Pat Roberston is one of the most well-know televangelists in the country. His daily show, the 700 Club, has been on the air since 1966. Robertson himself is worth at least $100 million. He even ran for the GOP nomination in 1988 and was soundly defeated.
So what motivates Pat Robertson? Is it a genuine desire to see people accept the message of the Bible? According to a former 700 Club producer, Robertson only cares about one thing: Money.
Speaking to Vox, former 700 Club producer Terry Heaton recalled the meteoric rise of Robertson in the 1980s, and he also says that a disagreement he had with the televangelist showed him that Robertson worshiped the almighty dollar above everything else:
“We had this idea to do a series featuring a guy who always got things wrong so that Pat could then come on afterward and tell people what to do right. So we developed a new segment: The conceit was a character who always did things ‘wrong’ so Pat could come out and teach him.

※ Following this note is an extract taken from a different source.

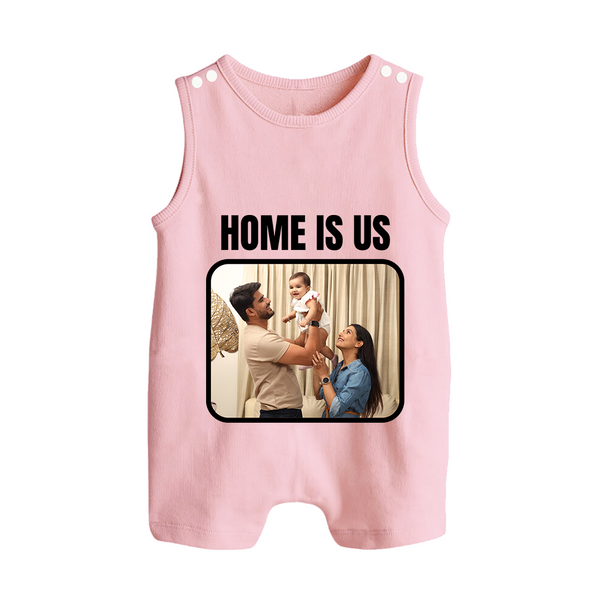 Home is Us Romper suit/Sleeveless Romper | Custom Family Romper suit/Sleeveless Romper for Family Pride - BABY PINK - 0 - 5 Months Old (Chest 18")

“The pilot was a guy who was constantly losing money because he was trying to give his way out of debt. So he’d look at the Bible where it says ‘you receive a hundredfold for what you give,’ and if he was a $1,000 in debt he’d give away $100 expecting to be able to pay off the debt. And at the end, he turns to the camera and says, ‘What am I doing wrong?’ And we all thought it was brilliant.”

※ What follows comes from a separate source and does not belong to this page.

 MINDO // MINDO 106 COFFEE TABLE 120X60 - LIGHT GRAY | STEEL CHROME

When Heaton pitched the idea to Robertson, he was told:
“You put that on the air and you will cost this ministry millions.”
Additionally, Heaton said the focus of the show became less on the Bible and more on sex because Robertson wanted to use fear and anger to generate donations and help get Republicans elected:
“It turns out that abortion, gays and lesbians, and birth control — they’re all about sex. Sex, more than everything else, scares people who want their children to be safe and to live in a sanctified world. I don’t want to overstate that, but it’s the truth. What we gave them was Republican Party politics. We had an explanation for all their fears — the lack of personal responsibility, big government, people trying to take from you what really belongs to you, self-responsibility, self-responsibility, self-responsibility.”
As we’ve long suspected, televangelists are only concerned with feathering their own nests. They don’t represent anything but greed. What’s sad is that so many people who put their trust in these con men cannot see they’re being fleeced.